How is deep learning on Amazon EC2 awful this week?

March 16, 2017 — March 16, 2017

computers are awful
concurrency hell
premature optimization

I want to do cloud machine learning.

Let’s try this on Amazon Web Services and see what’s awful.

Yak shaving risk.

I don’t want to do anything fancy here, just process a few gigabytes of MP3 data. My data is stored in the AARNET ownCloud server. It’s all quite simple, but the algorithm is just too slow without a GPU, and I don’t have a GPU machine I can leave running. I’ve developed it in Keras v1.2.2, which depends on TensorFlow 1.0.

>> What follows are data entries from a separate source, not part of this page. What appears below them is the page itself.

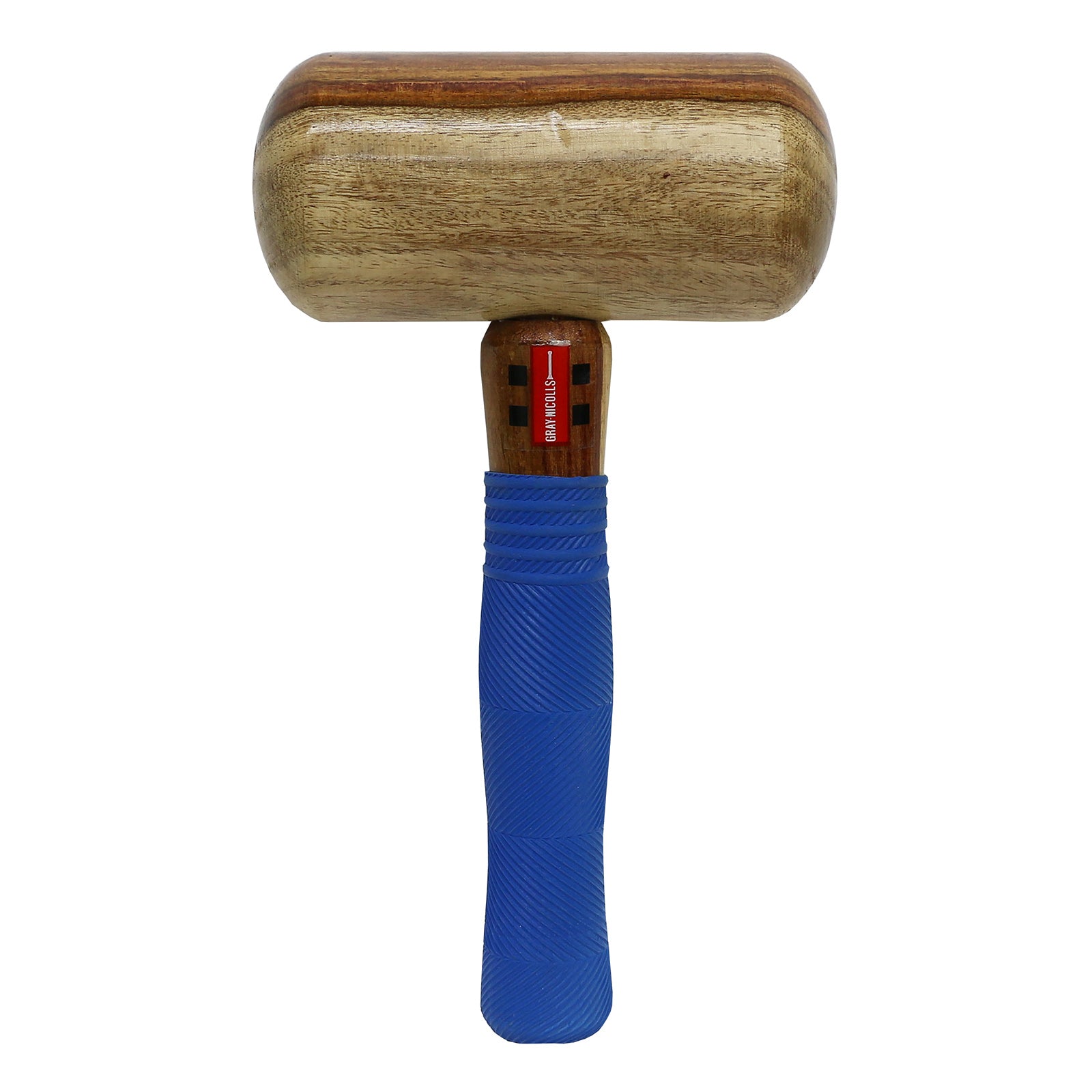 Gray Nicolls Deluxe Bat Mallet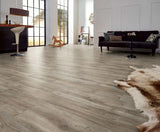 Cottage | Montmelo Roble Plata MV-857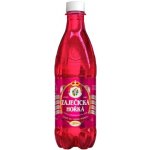 Zaječická hořká 0,5 l - PET – Zboží Dáma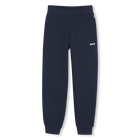 Conjunto jogger BOSS 
                    BOY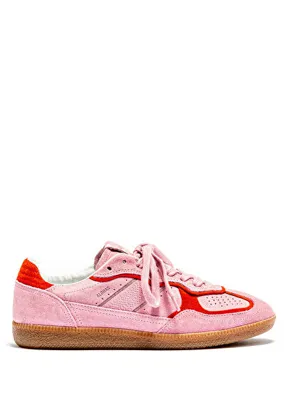 Alohas SNEAKERS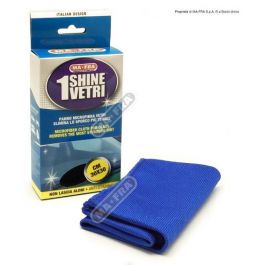 MA-FRA MICROFIBER GLASS CLOTH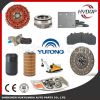 Yutong, Kinglong, Higer , Golden Dragon Original Bus Parts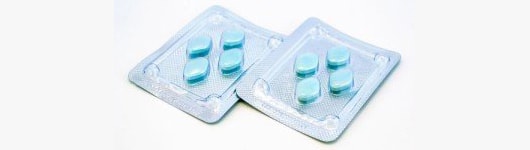 Viagra with dapoxitine pills in Australian Pharmacy1 Viagra with dapoxitine pills in Australian Pharmacy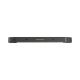 Thunderbook Colossus W103 - 8/128GB - Con lector código de barras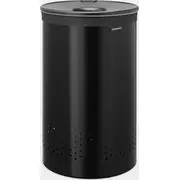 brabantia 242380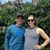 Shayle Ehlers's profile image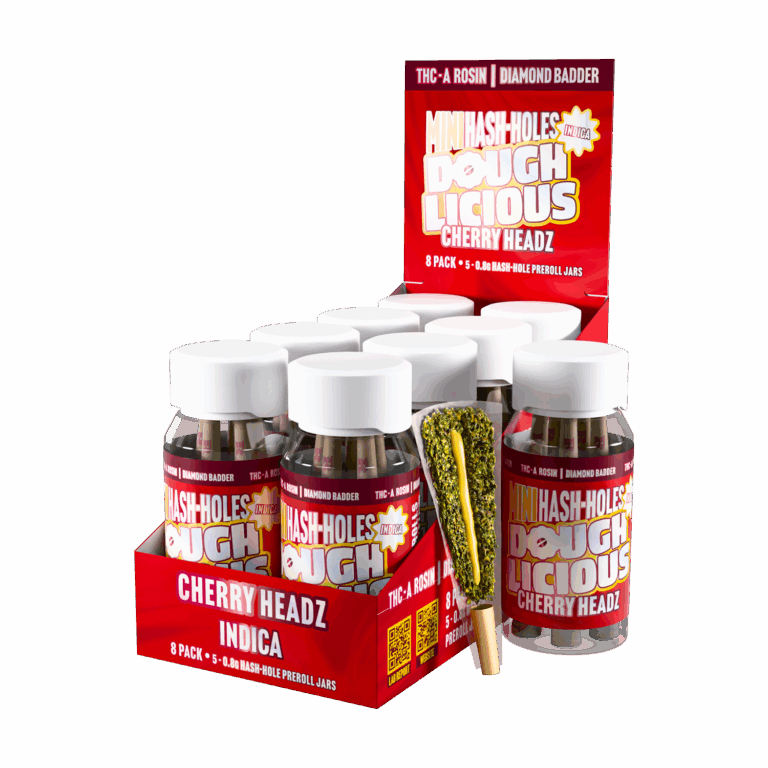Doughlicious_HashHoleMini_Display_CherryHeadz-group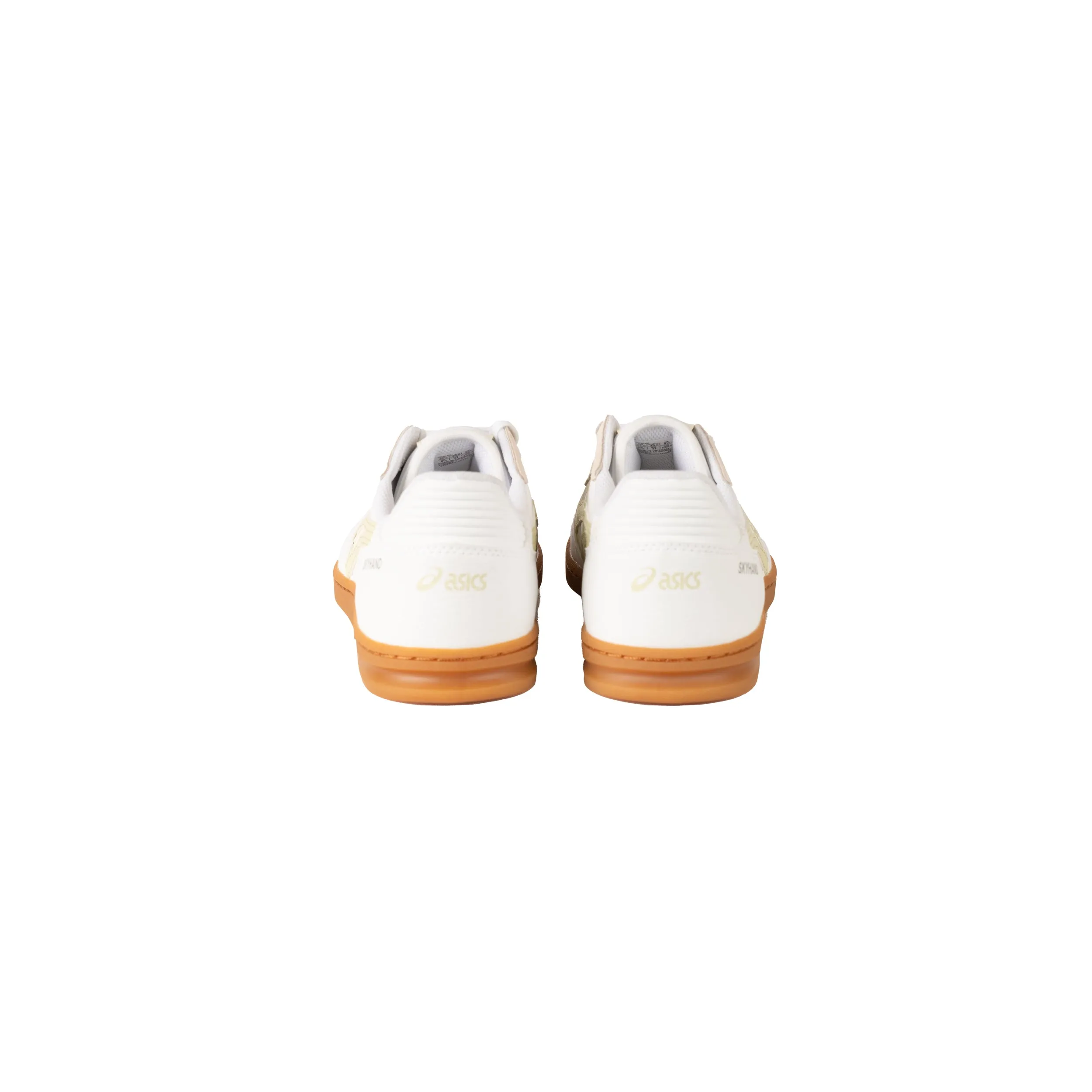 Asics - Skyhand OG White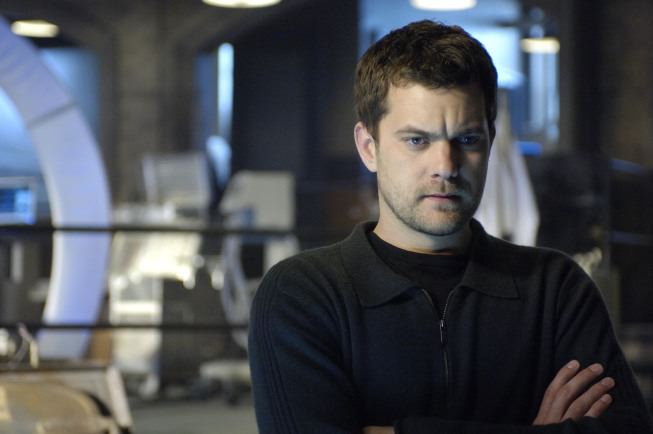 fringe_josh_8833 fringe_josh_8833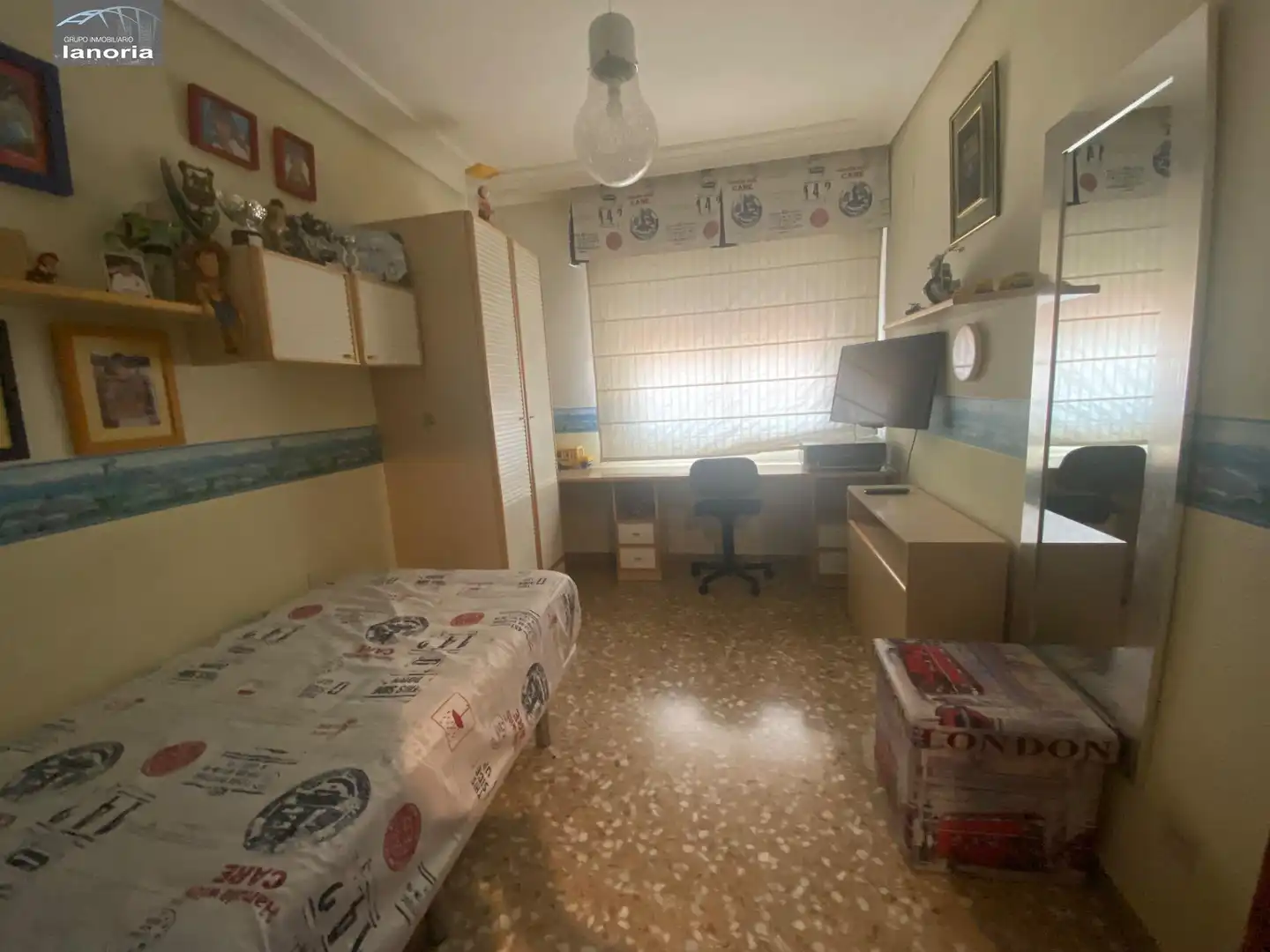 Appartement avec terrasse à vendre à Fátima, imagen 9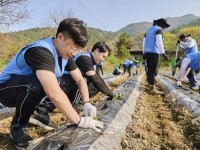 今日公布！海南烟草电子商务网站“千呼万唤”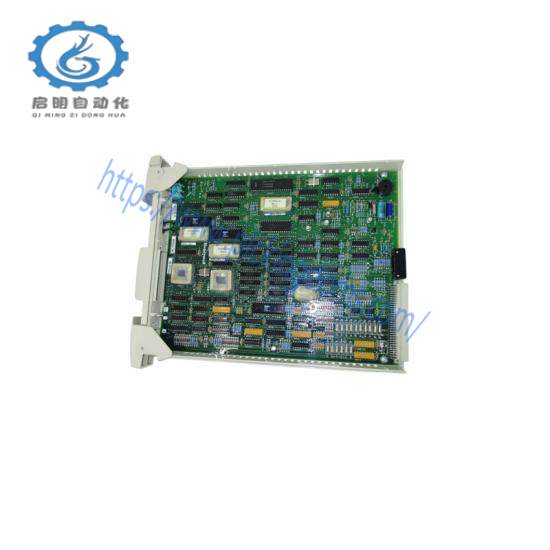 HONEYWELL MC-PSTX03 51304516-250 Smart MV Xmtr Interface Card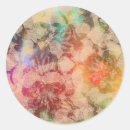 Search for rose colored stickers Feminine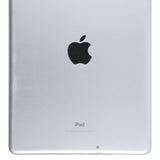 Apple iPad 6 32GB Plata WIFI Reacondicionado - Reuse Chile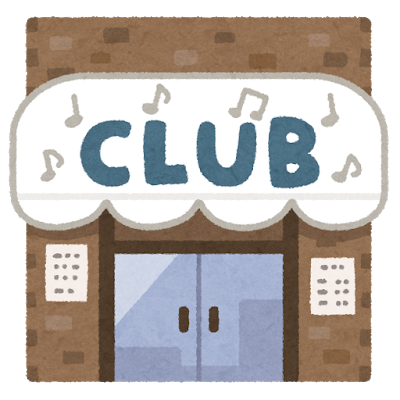 ニューヨークのジャズクラブ Village Vanguard ヴィレッジバンガードの予約方法やトイレの位置まで紹介 Hana Music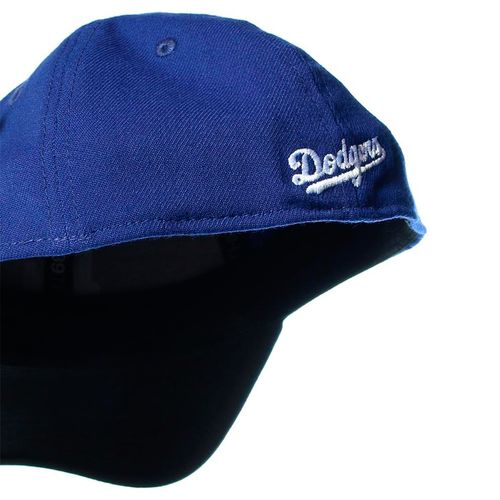 Gorra para caballero New Era azul 10975815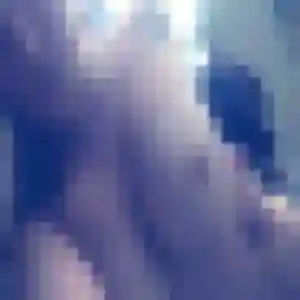 Photo privée de Sonia, 29 ans à Saint-Laurent-du-Maroni - rencontre coquine
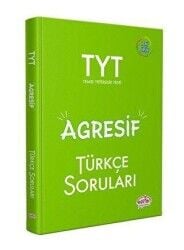 Ankara 8.Sınıf Hazir Bulunuşluk Sinavi 25-26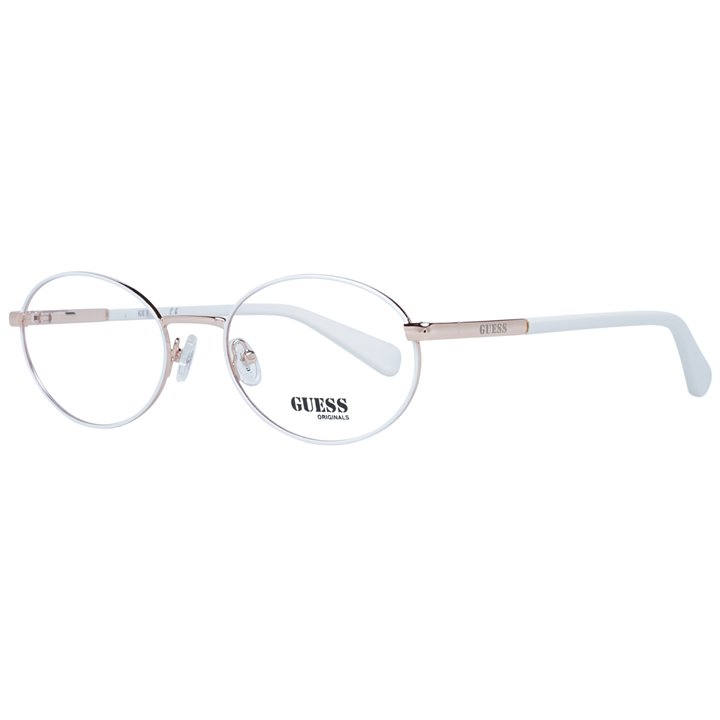 GUESS MOD. GU8239 55024 - WW.GU8239 55024 - Teknashop Ltd
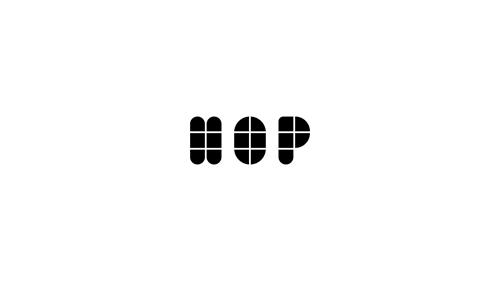 HOP trademark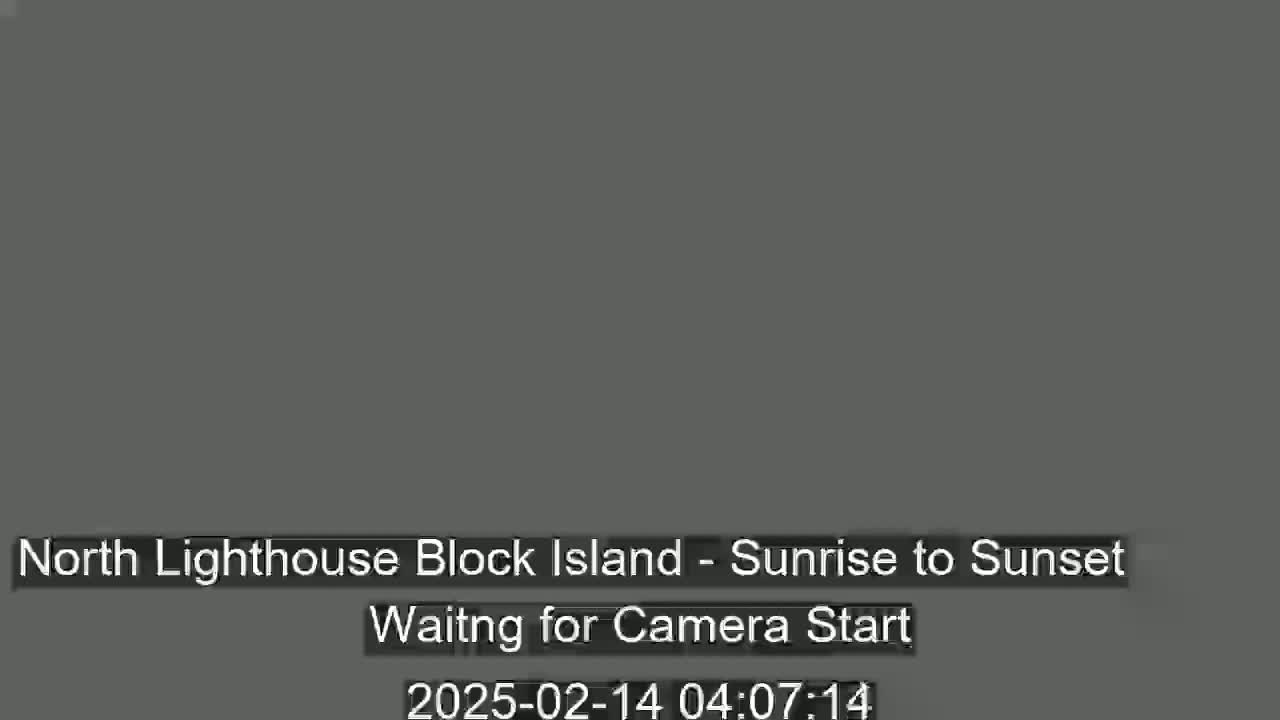 The image shows a solid dark gray screen.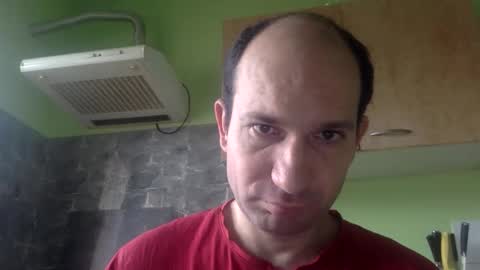 Snaiky online show from 6, 1, 2026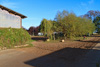 Bild 3 Bildergalerie Pferdepension Werben
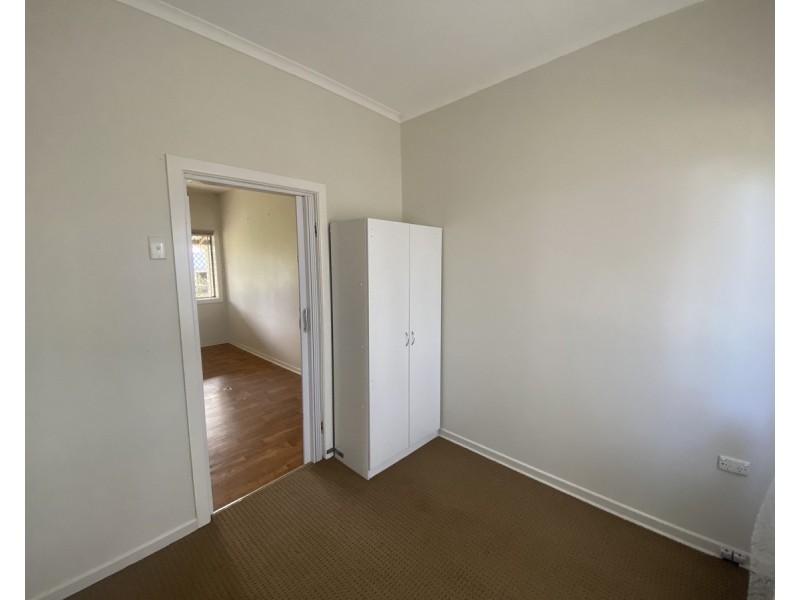 82 Massie Bony Road, Warwick QLD 4370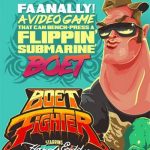 Download Boet Fighter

I was trying to use Google for this, but I got lost in working out their big-data-optimised algorithms and then discovered they weren’t even going to save me any money over Amazon, so I may as well just take the easy route and do some Amazon thing. Gimme a fancy computer with no fuss please, Amazon. Let me run my TensorFlow.

1 Preliminaries

Howto guide from Bitfusion, and the Keras run-through.

If you want to upload or config locally, you should probably get the AWS CLI.

pip3 install awscli
aws configure

You will need to set a password to use X11 GUIs.

2 Attempt 1: Ubuntu 14.04

I will use the elderly and unloved Ubuntu NVIDIA images, since they support ownCloud.

First, we fire up tmux to persist jobs between network implosions.

Now, install some necessary things:

sudo apt install virtualenvwrapper  # build my own updated Python
sudo apt install owncloud-client-cmd   # sync my files
sudo apt install libcupti-dev # recommended CUDA tools

Great. That all works

owncloudcmd -u vice.chancellor@unsw.edu.au -p password1234 ~/Datasets https://cloudstor.aarnet.edu.au/plus/remote.php/webdav/Datasets

Oh, that segfaults. So perhaps they don’t support ownCloud. Bugger it, I’ll download my data manually. Let me at the actual calculations.

wget -r -nH -np --cut-dirs=1 -U Mozilla --user=vice.chancellor@unsw.edu.au --password=password1234 https://cloudstor.aarnet.edu.au/plus/remote.php/webdav/Datasets

Huh, a 401 error. Hmm.

Well, I’ll rsync from my laptop. While that’s happening, I’ll upgrade TensorFlow.

pip install --upgrade https://storage.googleapis.com/tensorflow/linux/gpu/tensorflow_gpu-1.0.1-cp34-cp34m-linux_x86_64.whl

Oh no, turns out the shipped NVIDIA libs are too old for TensorFlow 1.0. (i.e. version 7.5 instead of the required 8.0). GOTO NVIDIA’s CUDA page, and embark upon a complicated install procedure. Oh wait, I need to register first.

<much downloading drivers and running mysterious install scripts omitted, after which it seems to claim to work.>

Oh, it’s missing ffmpeg. How about I fix that with some completely unverified packages from some guy on the internet? I could have compiled it myself, I guess?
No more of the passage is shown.